Rakamlar yanlış bile olsa "Büyük Türkiye"yi anlatabilmek için başka bir şey söylemek gerektiğine inandım... 30 yıl süren savaştan sonra, bunca yiğit toprağa düştükten sonra, insanların ilk sahnede birbirlerini anlayacağını zaten beklemiyorum. Ama birbirimizi itmeden önce durup düşünmeliyiz...
Neyi mi?
Anlatalım...
SSCB dağılırken yeni dünyanın şartları ortaya çıktı. İki güç, Ankara'ya koordinatları verdi...
Ancak bu koordinatlar eski masa için büyük sıkıntı anlamına geliyordu. Çünkü hem Ankara'da hem İstanbul'da hakim olan güç, Avrupa'ydı...
Okullar, medya, eğitim sistemi hep Avrupa kökenli idi...
Tabii bunun bir sebebi ve tarihi vardı!
İş LOZAN'a kadar dayanıyordu! 1990'ların başında Bahriye Üçok, Muammer Aksoy, Çetin Emeç gibi LAİKLİK hassasiyeti yüksek isimler bir bir ortadan kaldırıldı! Bu cinayetler işlenirken, Avrupa'dan gücünü alan basın "Ölümlerin arkasında dinciler var" manşetleri attı. Yakalanan, ele geçen bir dinci bile yoktu ama bu masal yıllarca sürdü.
Biz de bu kandırmacanın piyonları olduk! Sokakları, caddeleri, evleri, kafeleri, okulları ayırdık!
Oysa dünyayı yeniden kuracak olan iki güç, suikastlarla Ankara'daki eski masaya "Kullandığın laiklik sopası Avrupa kaynaklı. Artık bundan vazgeçin. Türkiye Müslüman bir ülke. Ve bizim makro planımızdaki rolü, Türk ve İslam'ın bayrağını taşımak" mesajı verdi!
Çünkü bizim komşularımızla ilgilenmeyi bırakmamız, dine sırtımızı dönmemiz, kayıtsız şartsız Avrupa'ya yürümemiz ve daha önemlisi "Yurtta Sulh, Cihanda Sulh" ilkesine sonuna kadar bağlı olmamızın temeli Lozan'da yatıyordu!
Çünkü İstiklal Savaşı'ndan sonra Ankara'ya bu şartla yaşama izni verilmişti!
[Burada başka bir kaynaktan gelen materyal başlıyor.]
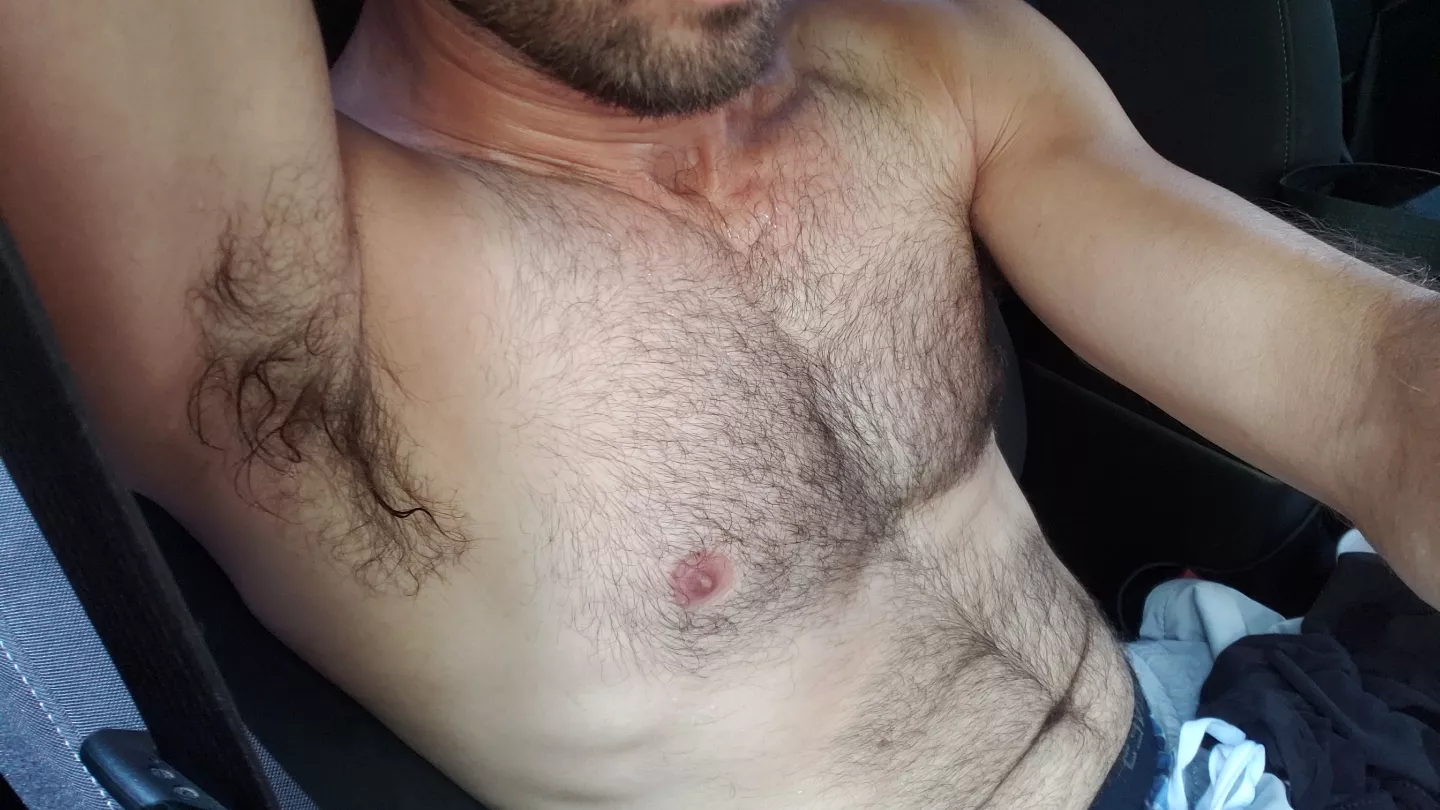 Who likes them sweaty?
Yani Türkler hem kendilerini, hem tarihini, hem de din kardeşlerini inkar ederse hayat bulacaktı!
Öyle de oldu!
Bütün kurumların yüzü Avrupa'ya döndü.
Onlarla olmak istediğimizi altına imza attığımız anlaşmalarla da ortaya koyduk! Ama ne hikmetse 50 yıl kapıda bekleyip içeri davet edilmedik!
Acılarla geçen yıllar içinde LAİKLİK ilkesi bizden çok Avrupa ve İsrail'i ilgilendiriyordu! Bu iki kanat asla "Dine yanaşan bir Türkiye" istemiyordu! Hele dışarıdaki TÜRKLER'le ilgilenen bir Ankara, bunların uykusunu kaçırıyordu! Bu nedenle bizdeki en milliyetçi partiler bile Türkiye dışındaki TÜRKLER'le ilgilenemezler! Yasaktır! Avrupa'nın emri böyledir! Tabii bunu da çok kimse bilmez ve fark etmez!
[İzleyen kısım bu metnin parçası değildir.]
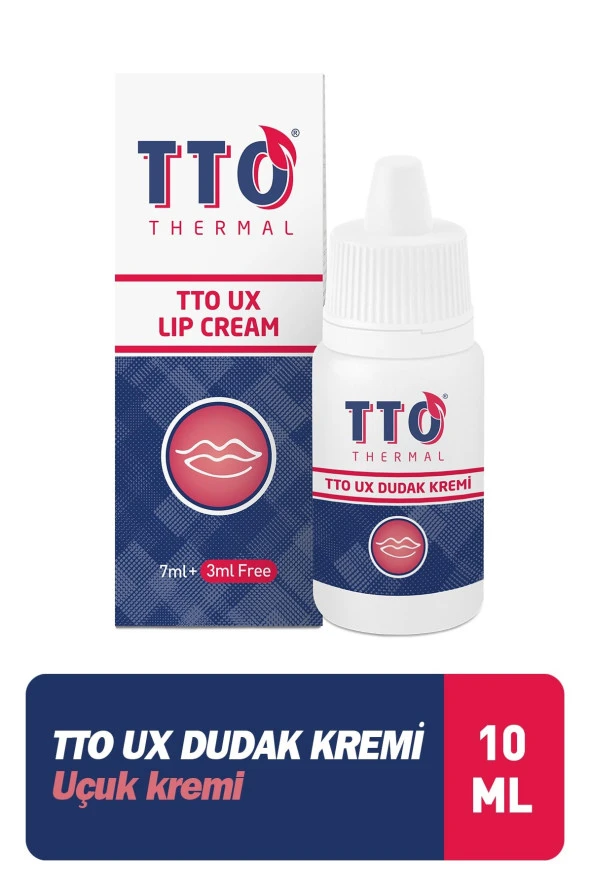 TTO UX Dudak Kremi 10 ml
Anlayacağınız Lozan'da bize uymayan bir elbiseye mahkum olduk! Ne elimizi, ne kolumuzu oynatabildik! Durum böyle olunca Ankara'nın gidemediği her yere başkaları gitti!
Sadece dışarıdaki Türkler'i ve Ortadoğu'yu kastetmiyorum!
Hadi onlar uzak!
Ama biz devlet olarak KÜRTLER'e de gidemedik! Ne ekmek, ne yol, ne hastane, ne doktor, ne mühendis, ne fabrika götürebildik!
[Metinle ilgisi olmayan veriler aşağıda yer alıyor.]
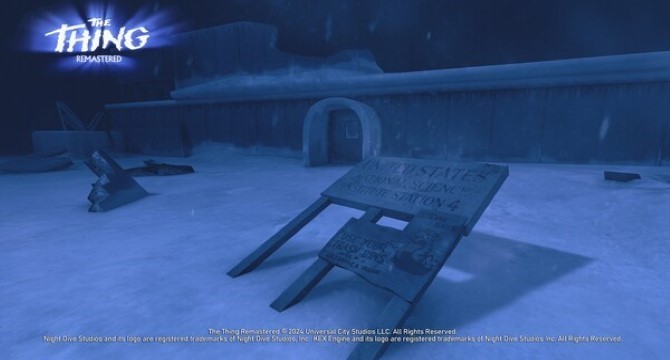 The Thing: Remastered download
Oralar kötüydü! ŞARK HİZMETİ batıda yaşayan devlet memurları için cehennem azabı gibiydi! Kimse gitmek istemezdi! Oysa gidemediğin yer senin değildi! Ankara gitmeyince bir başkası oralara sızıp ele geçiriyordu! Sinsice, haince...
Dönelim en başa...
Dostumuzun gönderdiği KÜRT OYLARININ dağılımına baktığımızda korkutan bir KÜRT gerçeği önümüze çıkıp "Ey Türkler sakın Kürtler'e güvenmeyin!" dese de buna sakın inanmayın!
Çünkü Kürt'ün Kürt'e oy verdiği bölgede zaten düne kadar biz hiç olmamışız! Eğer Kürt ayrılmak ve sadece Kürt'e oy vermek istese neden en büyük Kürt kenti İstanbul'da BDP'ye çıkan oy %5'i geçmiyordu! Benzerini İzmir için de düşünebiliriz!
Dostumuz belli ki korkularına yenilmiş!
Tıpkı çoğunluğun yenildiği gibi...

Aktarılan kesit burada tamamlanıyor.